Oluyemisi (Yemi) Famuyiwa is a double board-certified reproductive endocrinologist, infertility specialist, and obstetrician-gynecologist, and the founder and medical director of Montgomery Fertility Center in Rockville, Maryland. There she provides personalized fertility care and advanced reproductive treatments, including IVF, fertility preservation, donor egg IVF, recurrent implantation failure management, and male fertility services.

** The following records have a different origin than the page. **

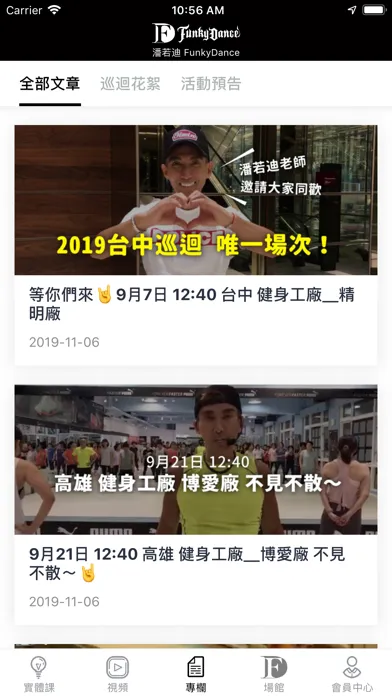 潘若迪FunkyDance 스크린샷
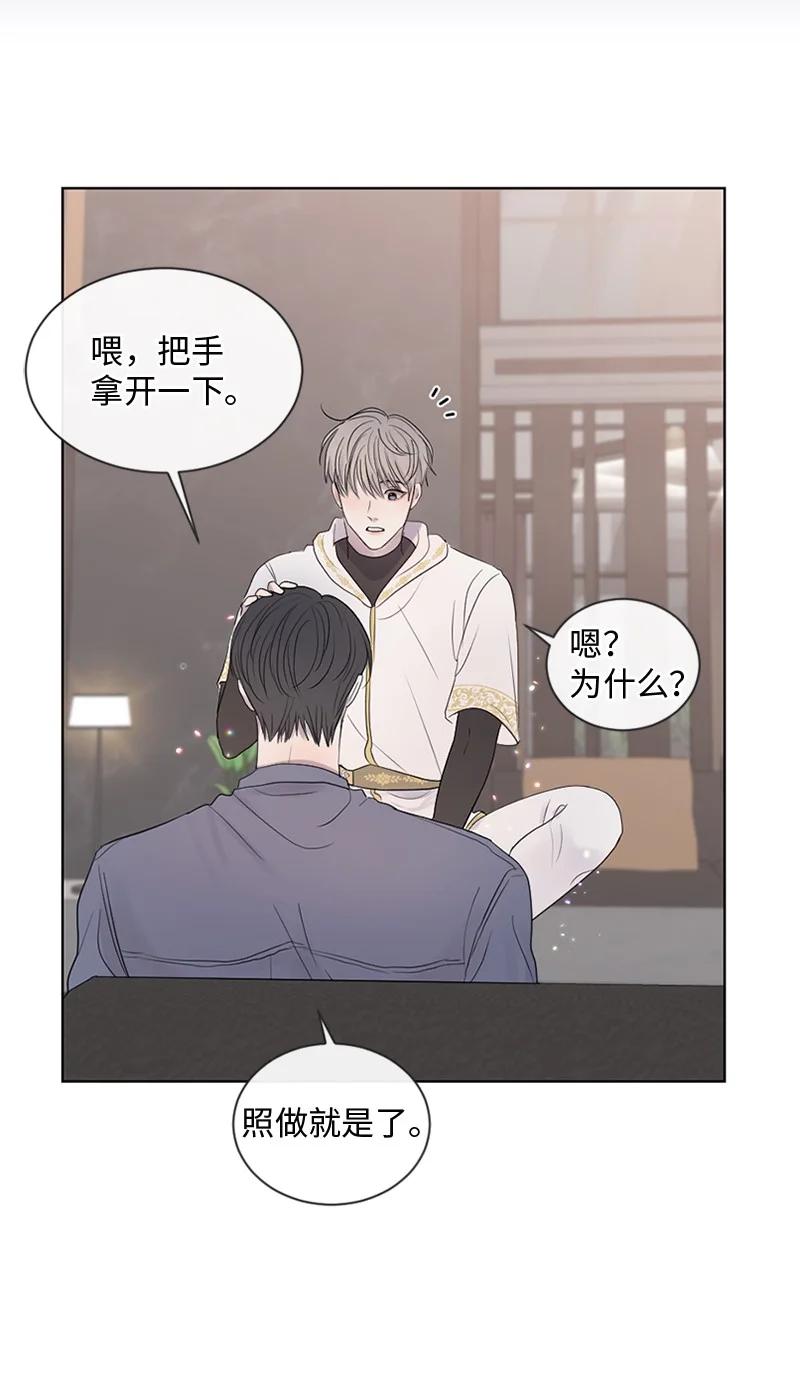 《守护你的梦境》24 你们在这里干什么 第35页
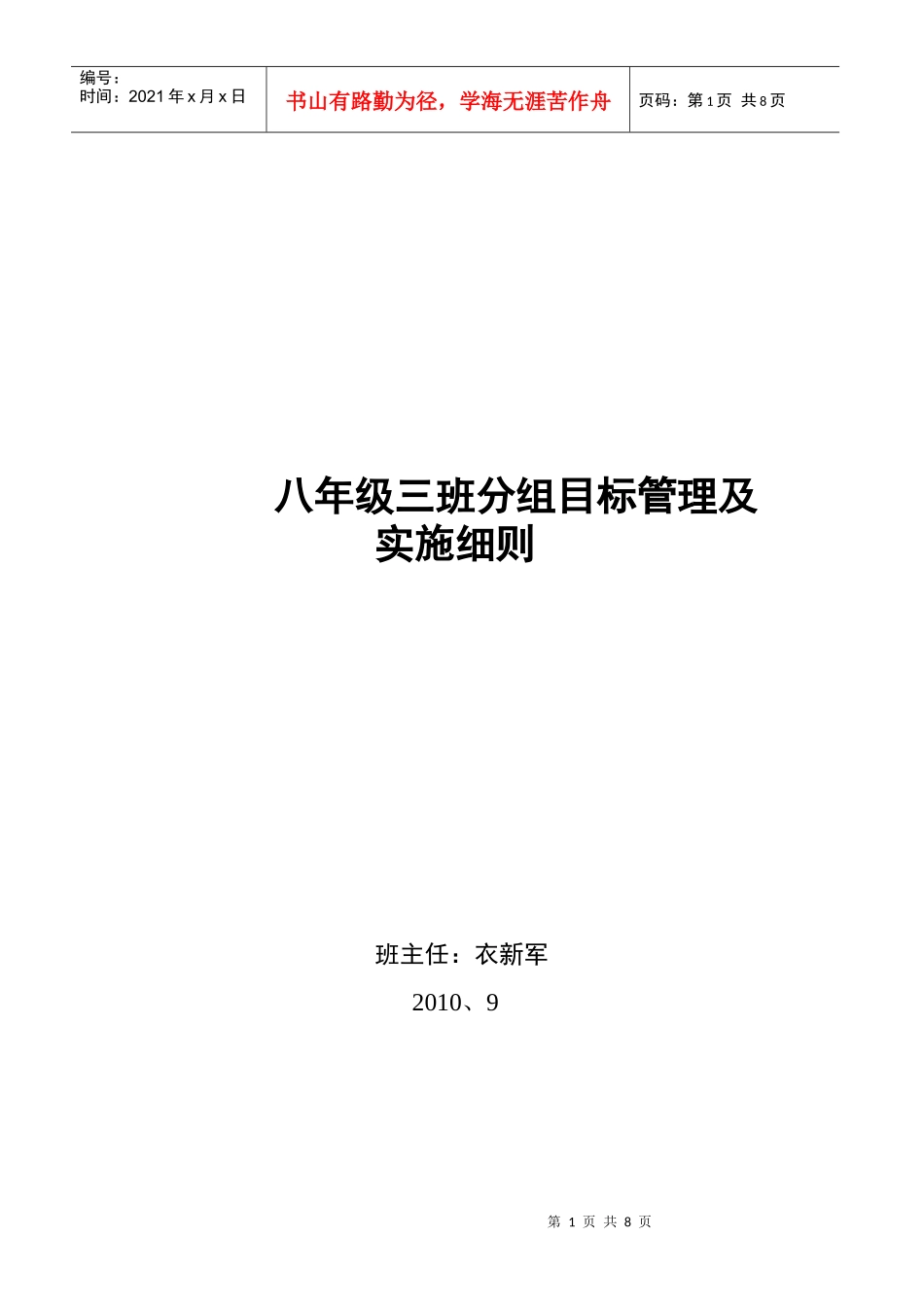 八年级三班分组目标管理及实施细则_第1页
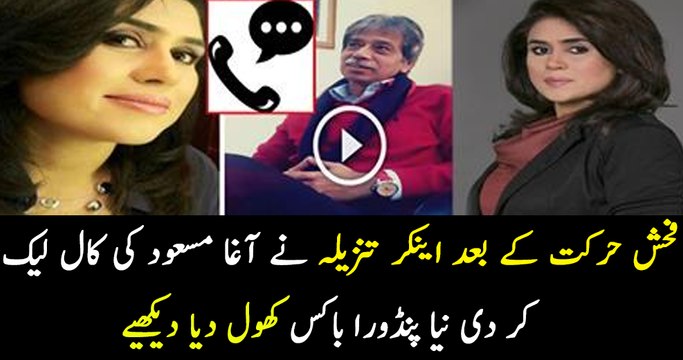 Anchor Tanzeela Leaked the Audio Tape of Agha Masood Khan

She completed her residency in obstetrics and gynecology at Georgetown University Hospital and her fellowship in reproductive endocrinology and infertility at the National Institutes of Health. She serves as an associate clinical professor at George Washington University School of Medicine and Health Sciences and is an attending physician at Holy Cross Hospital.
A nationally recognized fertility expert, educator, and advocate, Famuyiwa is dedicated to advancing reproductive health through patient care, research, public education, and mentorship. She hosts the Fertile Talks podcast, where she explores fertility, women’s health, lifestyle medicine, and reproductive wellness with experts and patients alike, and she is a frequent speaker on fertility, nutrition, epigenetics, environmental health, and reproductive longevity. She is the author of The Quest for Fertility: A Comprehensive Approach to Fertility Preparation, an evidence-based guide that empowers individuals and couples to optimize their reproductive health and navigate their fertility journey with confidence. Her research includes work in the Journal of Clinical Endocrinology and Metabolism examining the role of insulin-like growth factors and sex steroid regulation in reproductive tissues.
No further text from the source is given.